__Required action__:
Lift out all lines below that contain "Drive".
-- Supplied entries follows --
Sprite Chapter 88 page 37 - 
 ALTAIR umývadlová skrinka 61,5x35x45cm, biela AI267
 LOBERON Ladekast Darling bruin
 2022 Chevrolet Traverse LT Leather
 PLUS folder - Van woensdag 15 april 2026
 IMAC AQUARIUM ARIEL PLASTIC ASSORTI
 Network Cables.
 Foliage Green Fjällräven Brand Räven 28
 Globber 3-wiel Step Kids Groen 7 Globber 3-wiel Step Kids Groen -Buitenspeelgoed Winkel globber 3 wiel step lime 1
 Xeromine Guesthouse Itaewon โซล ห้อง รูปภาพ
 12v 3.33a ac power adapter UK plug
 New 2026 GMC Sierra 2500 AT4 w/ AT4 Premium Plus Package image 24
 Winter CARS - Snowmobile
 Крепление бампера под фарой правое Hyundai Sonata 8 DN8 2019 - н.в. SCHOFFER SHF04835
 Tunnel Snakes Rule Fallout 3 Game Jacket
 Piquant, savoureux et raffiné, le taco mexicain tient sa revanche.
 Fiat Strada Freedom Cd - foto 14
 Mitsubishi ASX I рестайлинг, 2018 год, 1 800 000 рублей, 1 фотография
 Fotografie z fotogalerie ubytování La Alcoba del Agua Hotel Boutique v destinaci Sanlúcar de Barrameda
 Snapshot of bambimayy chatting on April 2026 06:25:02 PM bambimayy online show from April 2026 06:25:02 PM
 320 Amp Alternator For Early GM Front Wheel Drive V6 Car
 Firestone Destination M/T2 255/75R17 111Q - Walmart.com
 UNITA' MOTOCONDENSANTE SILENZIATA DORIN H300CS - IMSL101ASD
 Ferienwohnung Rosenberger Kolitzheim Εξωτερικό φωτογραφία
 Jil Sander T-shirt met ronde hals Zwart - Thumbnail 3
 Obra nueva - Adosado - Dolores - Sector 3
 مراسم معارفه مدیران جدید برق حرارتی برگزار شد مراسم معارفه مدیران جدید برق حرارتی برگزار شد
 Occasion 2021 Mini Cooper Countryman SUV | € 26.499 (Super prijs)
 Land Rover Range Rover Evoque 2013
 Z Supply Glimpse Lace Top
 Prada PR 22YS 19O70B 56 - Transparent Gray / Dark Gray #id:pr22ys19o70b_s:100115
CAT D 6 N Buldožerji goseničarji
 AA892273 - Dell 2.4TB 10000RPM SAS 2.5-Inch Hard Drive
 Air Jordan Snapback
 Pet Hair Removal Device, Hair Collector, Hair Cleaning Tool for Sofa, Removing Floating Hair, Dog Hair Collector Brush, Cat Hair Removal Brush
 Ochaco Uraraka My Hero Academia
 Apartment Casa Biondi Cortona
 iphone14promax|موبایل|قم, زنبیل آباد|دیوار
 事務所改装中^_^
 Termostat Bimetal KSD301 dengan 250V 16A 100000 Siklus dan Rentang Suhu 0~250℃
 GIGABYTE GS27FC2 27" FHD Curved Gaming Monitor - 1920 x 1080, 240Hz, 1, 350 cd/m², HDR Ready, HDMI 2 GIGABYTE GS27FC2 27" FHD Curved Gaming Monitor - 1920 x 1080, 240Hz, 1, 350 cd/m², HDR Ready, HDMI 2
-- Supplied entries concluded --
__Solution to this exercise__:
 320 Amp Alternator For Early GM Front Wheel Drive V6 Car
 AA892273 - Dell 2.4TB 10000RPM SAS 2.5-Inch Hard Drive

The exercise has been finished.